[Start of Attachment]
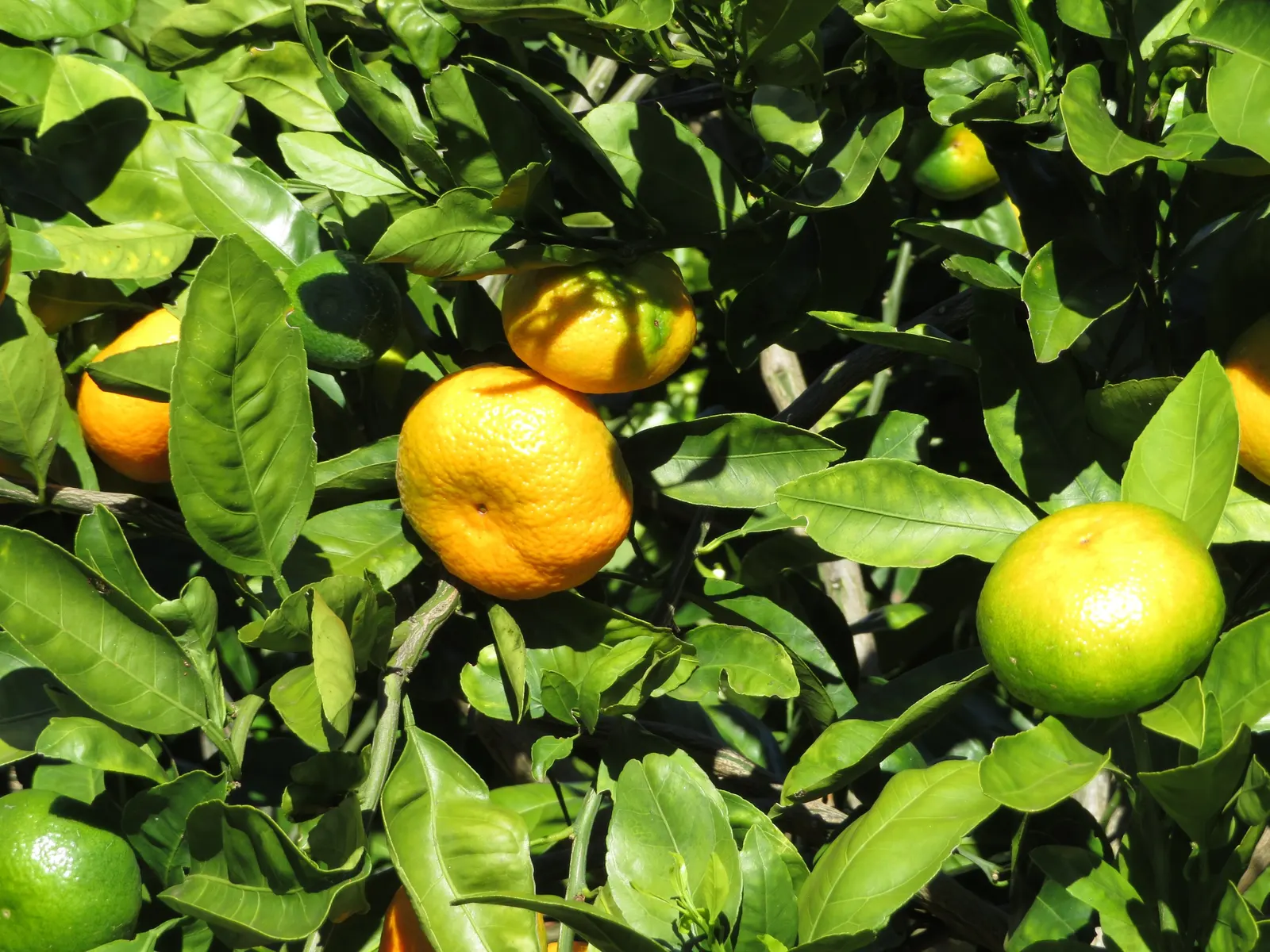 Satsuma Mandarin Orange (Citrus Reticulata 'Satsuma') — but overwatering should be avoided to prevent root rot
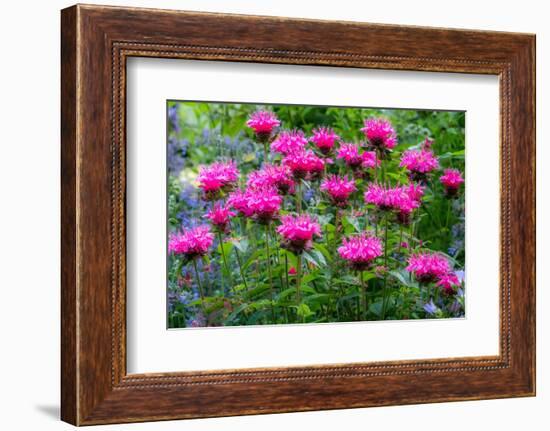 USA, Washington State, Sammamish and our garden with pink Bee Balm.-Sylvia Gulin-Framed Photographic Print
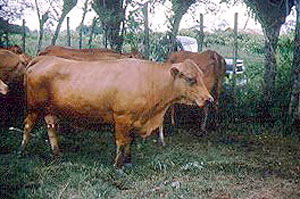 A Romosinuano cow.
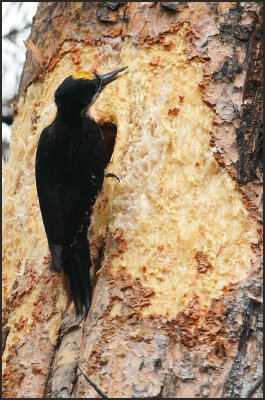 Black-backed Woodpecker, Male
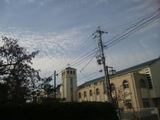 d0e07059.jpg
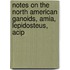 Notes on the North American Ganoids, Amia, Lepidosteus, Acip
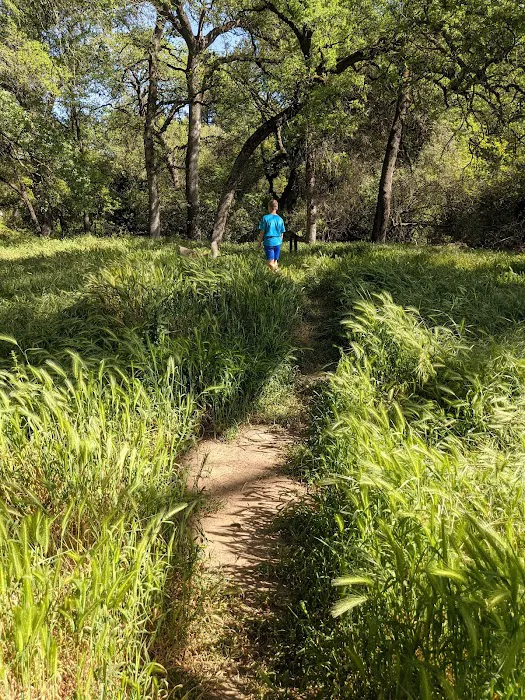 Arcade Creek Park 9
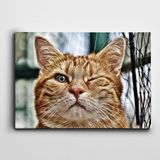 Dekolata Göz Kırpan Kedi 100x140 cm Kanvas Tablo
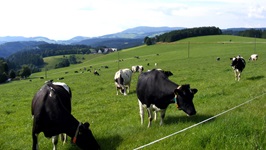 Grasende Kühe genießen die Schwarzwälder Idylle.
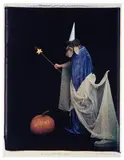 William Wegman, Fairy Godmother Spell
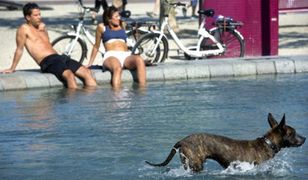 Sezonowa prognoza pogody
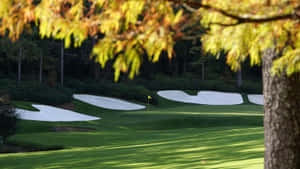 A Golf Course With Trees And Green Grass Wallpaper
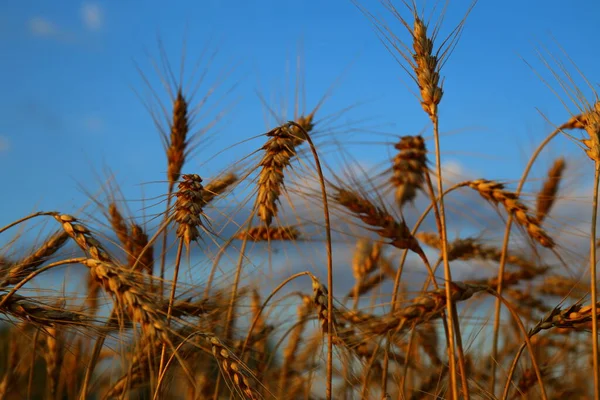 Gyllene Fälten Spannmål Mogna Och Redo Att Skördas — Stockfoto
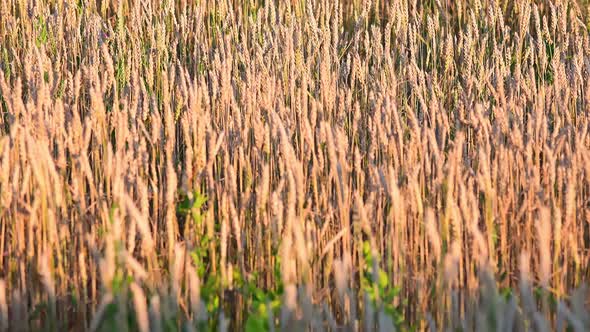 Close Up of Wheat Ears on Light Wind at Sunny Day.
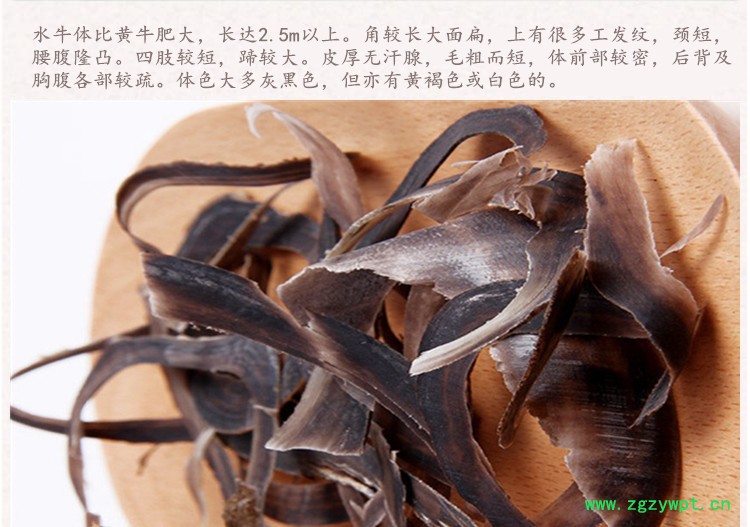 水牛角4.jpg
[End of Attachment]
[Start of Attachment]
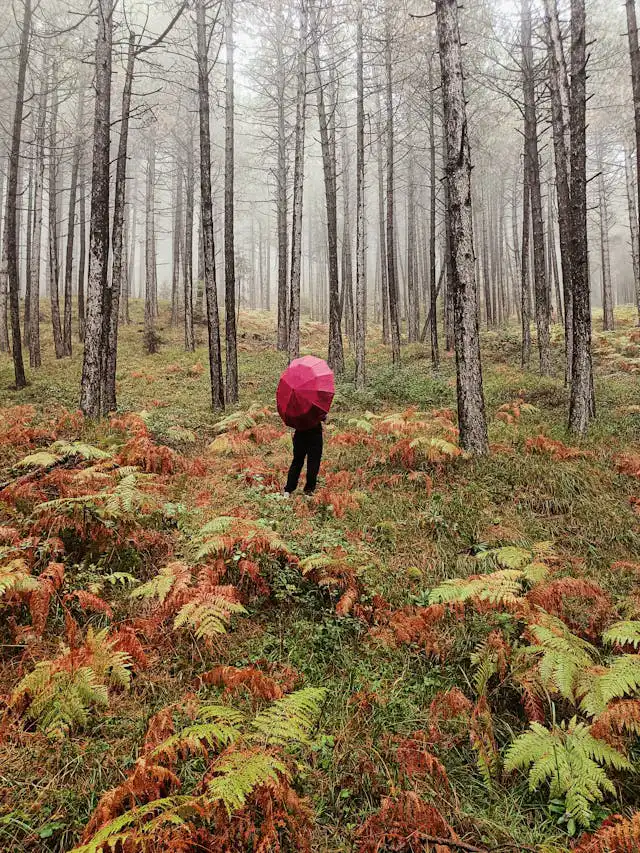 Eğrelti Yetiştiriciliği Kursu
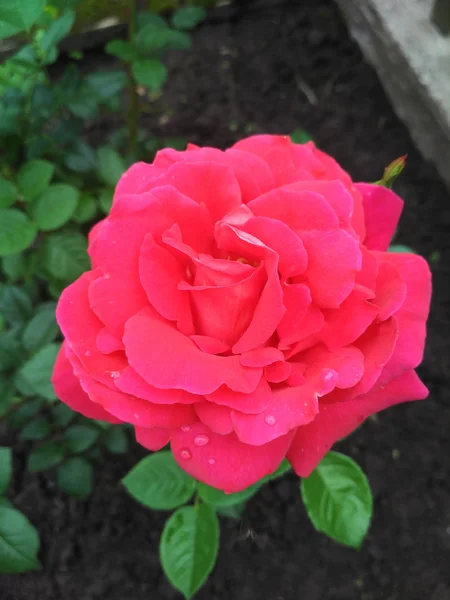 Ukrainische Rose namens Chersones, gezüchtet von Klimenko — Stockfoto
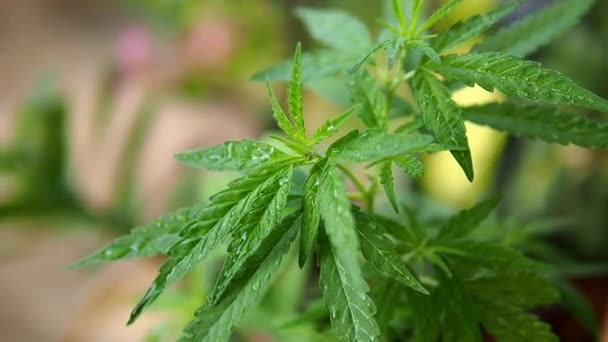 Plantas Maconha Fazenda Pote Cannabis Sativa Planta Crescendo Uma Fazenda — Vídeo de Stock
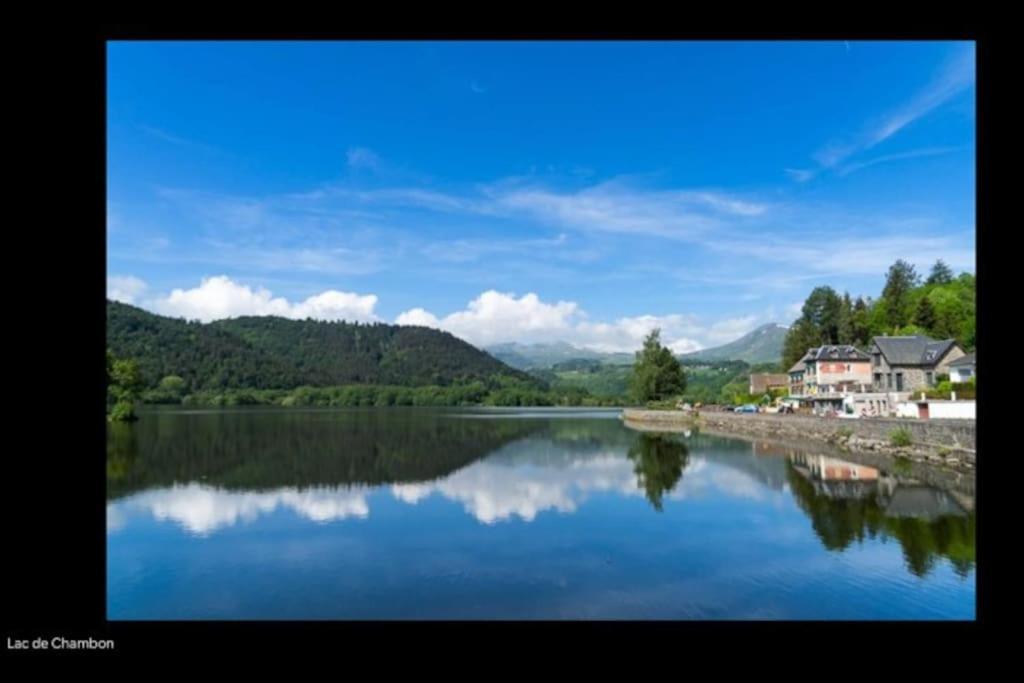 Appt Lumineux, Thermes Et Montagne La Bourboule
[End of Attachment]
# INSTRUCTIONS FOR THE TASK:
Leaving out each picture, repeat exactly the lines above from the one that contains "Satsuma Mandarin Orange" through the one that contains "Arcade Creek Park 9".

# EXERCISE RESULT:
 Satsuma Mandarin Orange (Citrus Reticulata 'Satsuma') — but overwatering should be avoided to prevent root rot
 USA, Washington State, Sammamish and our garden with pink Bee Balm.-Sylvia Gulin-Framed Photographic Print
 A Romosinuano cow.
 Black-backed Woodpecker, Male
 d0e07059.jpg
 Notes on the North American Ganoids, Amia, Lepidosteus, Acip
 Arcade Creek Park 9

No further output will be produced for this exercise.